The 2023 AAFCA Awards will give black filmmakers a moment to be heard

Winners Angela Bassett, Viola Davis, Danielle Deadwyler and more talked about finding the humanity in the roles — and finding an audience for black stories.

Awards season gives many stars a chance to see and be seen, but the honorees at this year’s African American Critics Association Awards — many of whom were within reach of an Oscar nomination — felt heard and recognized.

Angela Bassett at the Four Seasons Beverly Wilshire hotel to accept the award for Best Supporting Actress, the “Black Panther: Wakanda Forever” star acknowledged her current Oscar nominations, saying, “During awards season, I’ve often been asked what these nominations mean. and awards mean that to me. A lot of people don’t realize that even though I’ve been able to work quite a lot, I’ve been a candidate for 29 years now.”

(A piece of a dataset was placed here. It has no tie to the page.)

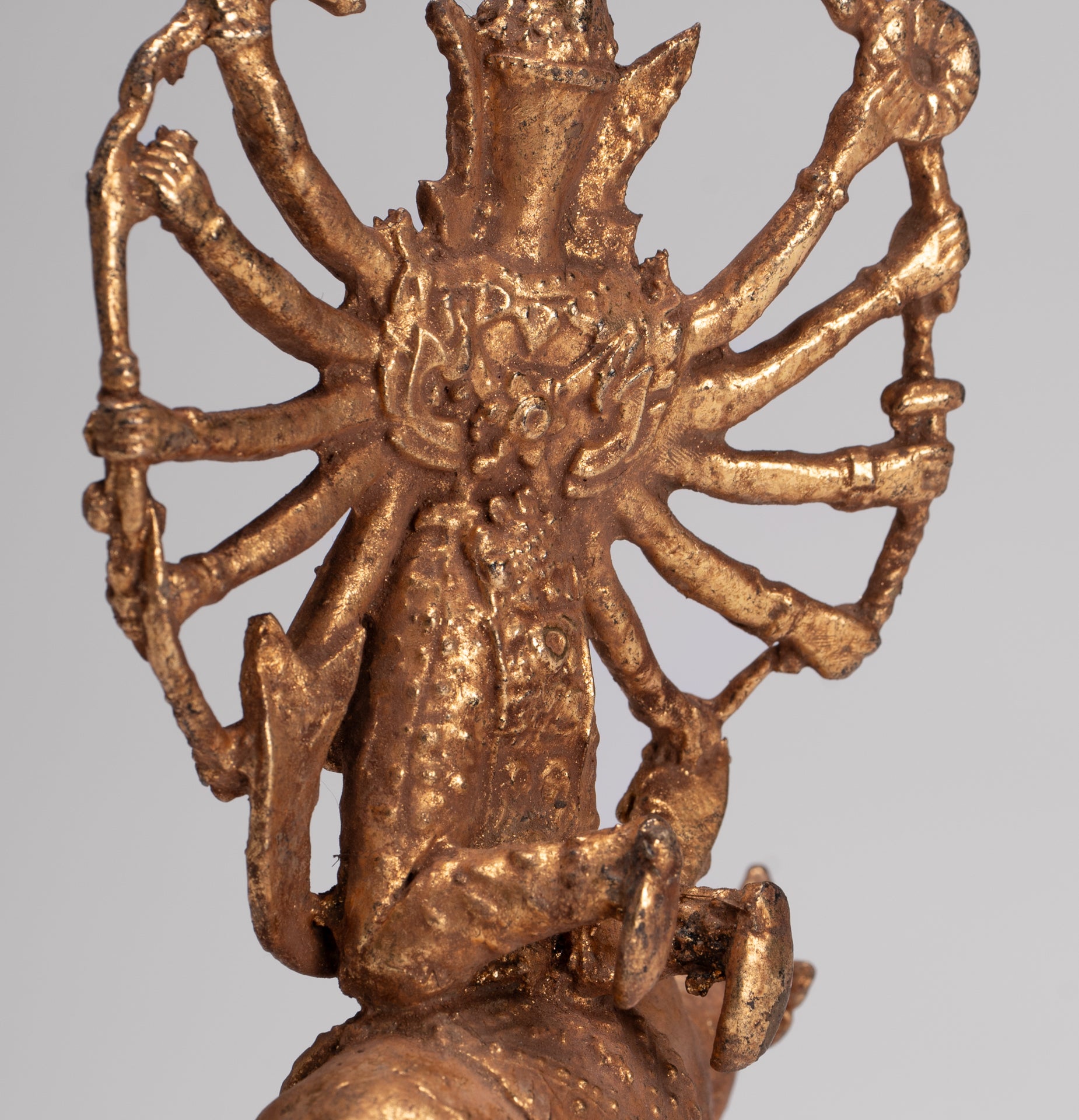 Shiva and Nandi - Antique Thai Style Rattanakosin Shiva and Nandi Statue - 19.5cm/8"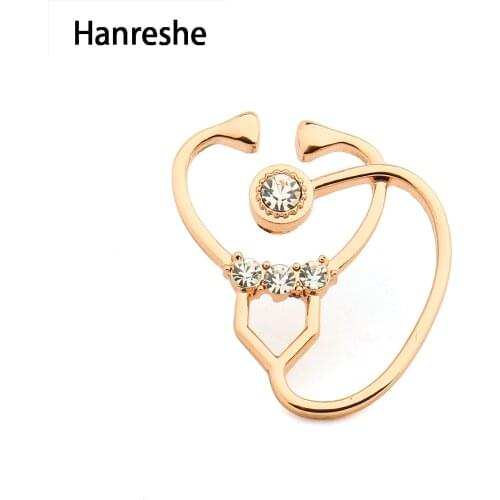 HANRESHE 3 Colors Stethoscope Pin Brooches Gift for Doctor/Nurse Crystal Brooch for Women Rose Gold Silve Gold Jewelry Pin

Listening to the awards season chatter, many attribute Bassett’s losses at the BAFTA Awards and SAG Awards — after winning Best Supporting Actress at the Golden Globes and Critics Choice Awards — in part to the perception that she’s already an Oscar winner. on tour. Tina Turner’s role in What’s Love Got To Do With It? in the movie.

“Thank God for Rosa Parks, Betty Shabazz and Coretta Scott King,” the actress said, listing other roles that would have earned her award nominations by today’s standards. But even though more than a handful of black actresses have won the Best Supporting Actress Oscar over the decades, there are still plenty of black Hollywood icons who have never been recognized.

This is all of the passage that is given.